# Help! my baby chickens wont stop pecking each other!



## elijah122008 (May 30, 2013)

I recently acquired 7 babies around 6 weeks old and have only had them home for a few hours but they wont stop pecking each other! so far i have had to seperate them all except for two pairs. a couple have started bleeding. i havent owned chickens since i was a child so im back at it fairly new.. any advice would be greatly appreciated. thank you!


----------



## Dayna (Aug 16, 2012)

Make sure you have a large enough area, plenty of food and water, and if someone is bleeding remove it till it's no longer bleeding or the others will peck at it.


----------



## elijah122008 (May 30, 2013)

Dayna said:


> Make sure you have a large enough area, plenty of food and water, and if someone is bleeding remove it till it's no longer bleeding or the others will peck at it.


Ive been able to separate them all to where they won't be harmed while they are healing but I'm worried they will continue even after I reunite them all. They have plenty of food and water so I'm wondering if its something else causing it..


----------



## OutdoorDreamer (Mar 29, 2012)

Dayna said:


> Make sure you have a large enough area, plenty of food and water, and if someone is bleeding remove it till it's no longer bleeding or the others will peck at it.

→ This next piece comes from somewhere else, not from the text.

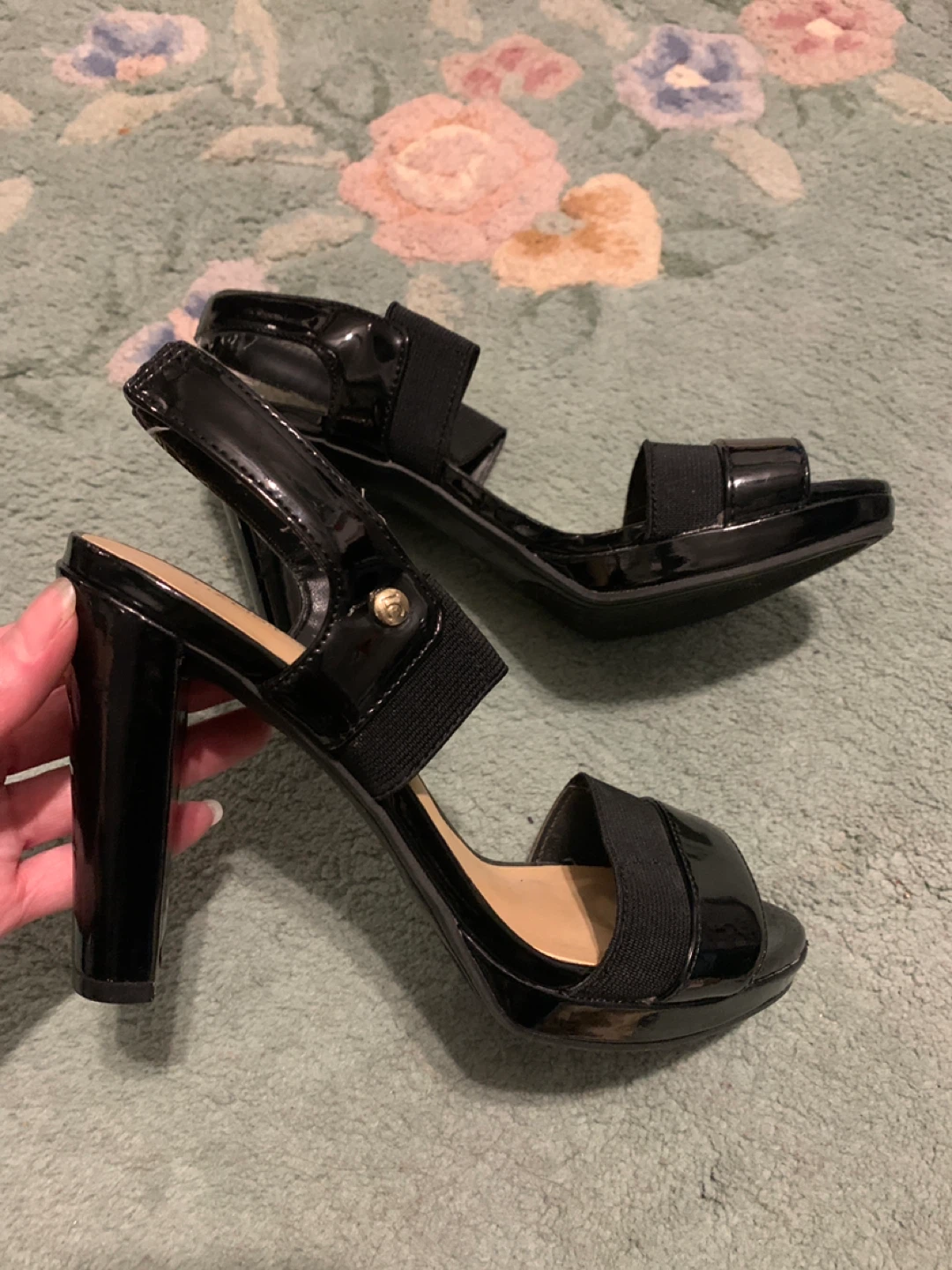 Size 5.5 - Liz Claiborne Black Patent Block Heel Sandals - photo 2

Yep, separate them until healed! once they see blood they will not stop! My poor young chicken got pecked to death  chickens are brutal to each other.


----------



## happybleats (Sep 12, 2010)

stress will cause them to peck eachother...

Too crowded
not enough food/ water
too hot or stuffy...


----------



## mjs500doo (Nov 24, 2012)

Which breed?? Meat breeds are TERRIBLE for pecking.


----------



## AmyBoogie (May 20, 2013)

We've had issues with some of the laying breeds being bullies too. Seems like the poorer the layer they are, the more they like to pick. 

Once they're older, you can trim their beaks making them less pointy/hurty to others.


----------